Eylem hakkında Bakırköy Kaymakamlığının verdiği yasak kararının hiçbir yerde yayınlanmadığını, böyle bir kararının varlığından şüphe duyduklarını belirten Kavak, sözlerine şöyle devam etti:
“Varsa bile hukuk ile açıklanır bir tarafının olmadığını biliyoruz. Anayasa Mahkemesi’nin buna dair verdiği emsal kararlar var. Bunlardan bir tanesi ise İsmail Sarıkabadayı dosyasıdır. Bu dosya hakkında AYM, ‘Kamu için tehlike arz edecek bir durum olsa dahi başkalarının haklarını kısıtlayamazsınız’ diyor. Bu nedenle hukuka aykırı buldu.”
Avukat Ceyda Gedik de atılı suçun oluşmadığını belirterek, beraat talebinde bulundu. Avukat Kemal Toraman idarenin anayasayı ihlal edemeyeceğine dikkati çekti.

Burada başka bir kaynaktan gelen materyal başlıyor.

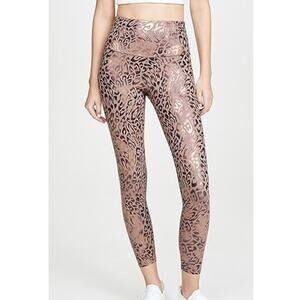 Venor Women's Leopard Print High Waisted Active Metallic Leggings Size XS Brown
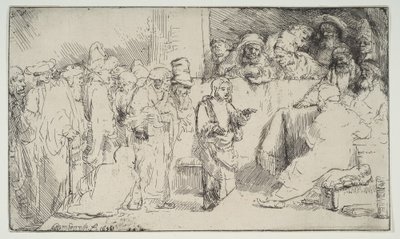 Christus im Streitgespräch mit den Gelehrten, eine Skizze, 1652 von Rembrandt van Rijn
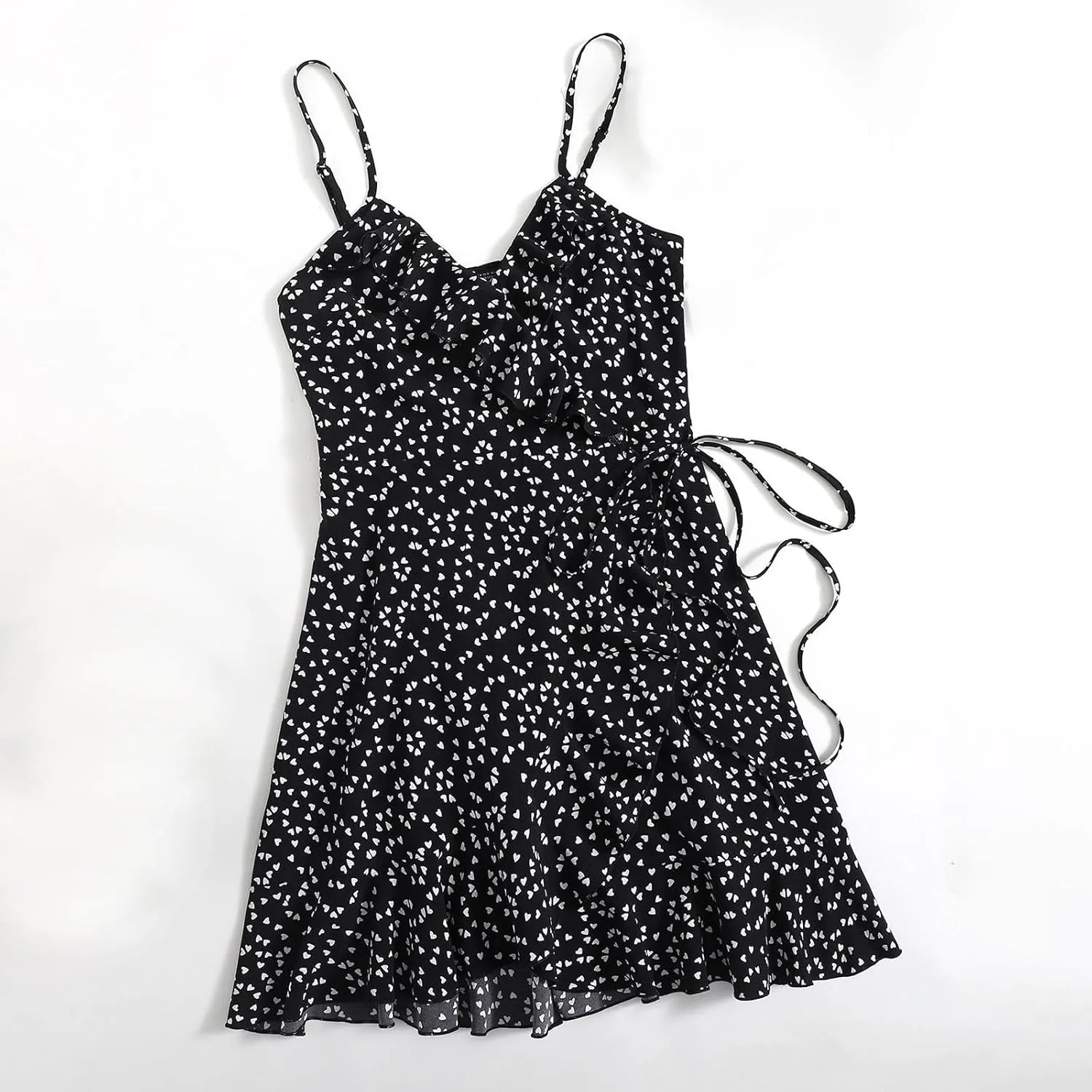 Womens Summer Floral Dress Pleated Ruffle Trim Spaghetti Strap Mini Dress Sexy V Neck Beach Vacation Sundress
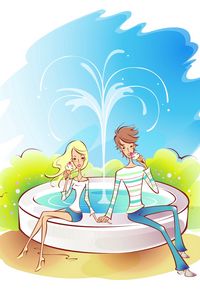 Preview wallpaper couple, art, drawing, love, fountain, water, walk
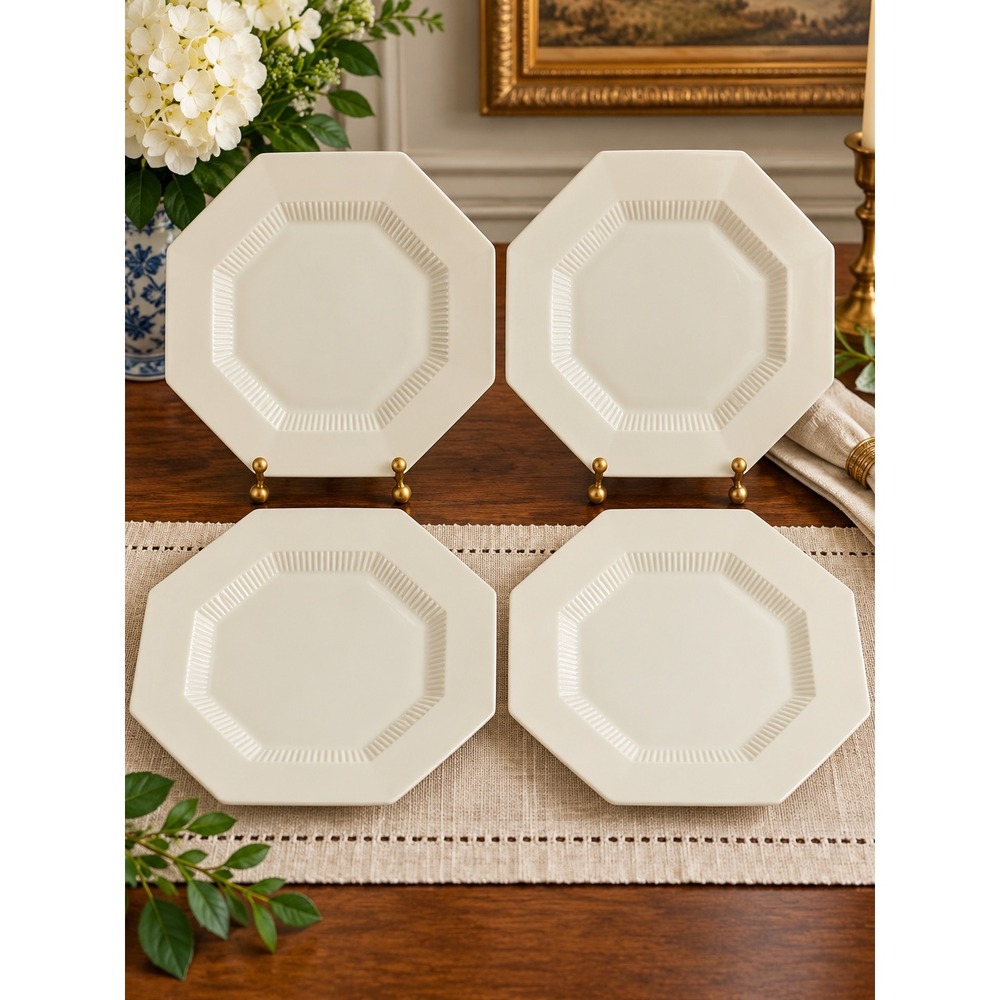 Made In Japan Nikko Classic Dinner Plates 10.75" White Octagonal Ribbed Set of 4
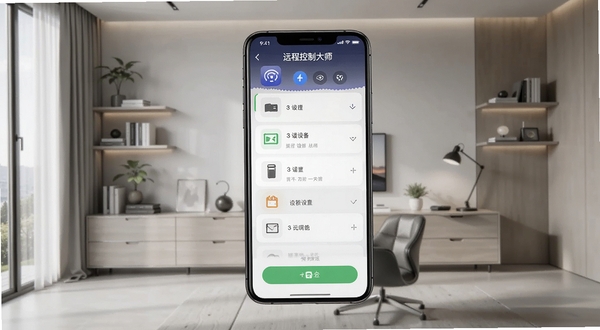 远程控制大师app主界面手机屏幕展示,背景为现代简约书房,画面主体为一部亮屏智能手机显示远程控制大师的操作面板,包含设备列表和连接按钮,画面风格清晰明亮,细节丰富
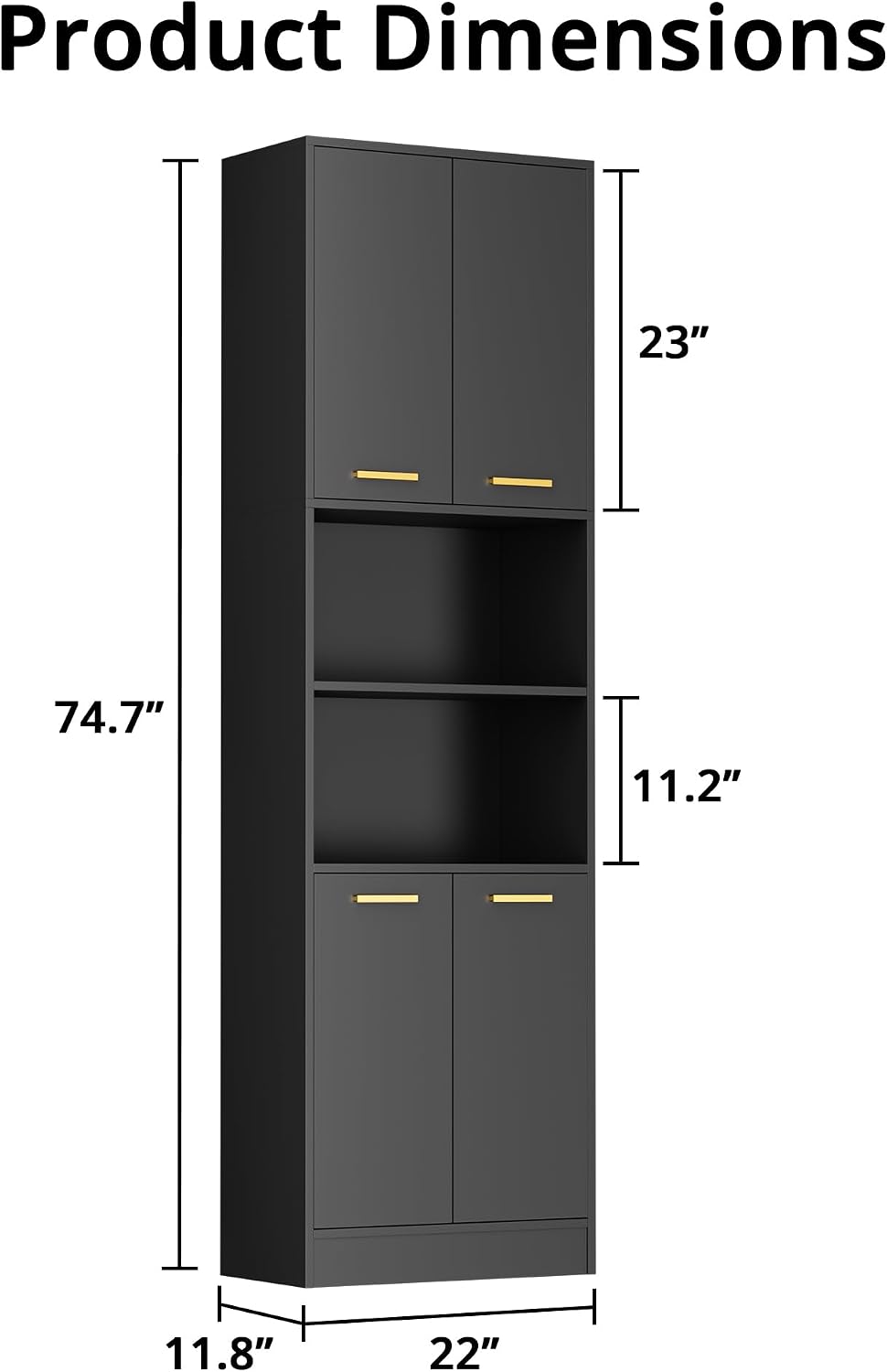 Cozy Castle Kitchen Pantry Cabinet, 75" Tall Wood Storage Cabinet with D...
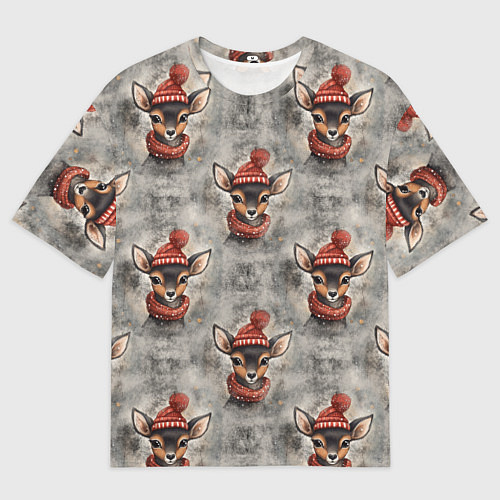 Мужская футболка оверсайз Олень в снегах / 3D-принт – фото 1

Ayrıca verilen yasaklama kararına ilişkin Avrupa İnsan Hakları Mahkemesi (AİHM) ihlal kararı verdiğini anımsatan Toraman, “Buna benzer bir yasaklama kararını AİHM’e kadar gitti. AİHM, 13’üncü maddeye aykırı buldu. Bunun yanı sıra yasaklama kararı dosya kapsamında öngörülebilir değildir” diye konuştu.
Savunmalarının ardından söz alan iddia makamı, eksik hususların giderilmesini istedi. Mahkeme başkanı yargılananlara dönük olası bir cezaya hükmedilmesi durumunda, "Hükmün Açıklanıp Geri Bırakılması (HAGB)" uygulamasını kabul edip etmediklerini sordu. Yargılananların tümü HAGB’yi kabul etmediklerini söyledi.
Ara kararını açıklayan mahkeme, duruşmaya katılmayan ve mazeret bildiren bazı yargılananların mazeretlerini kabul etti. Mahkeme, henüz savunma yapmayanların beklenmesine karar verdi.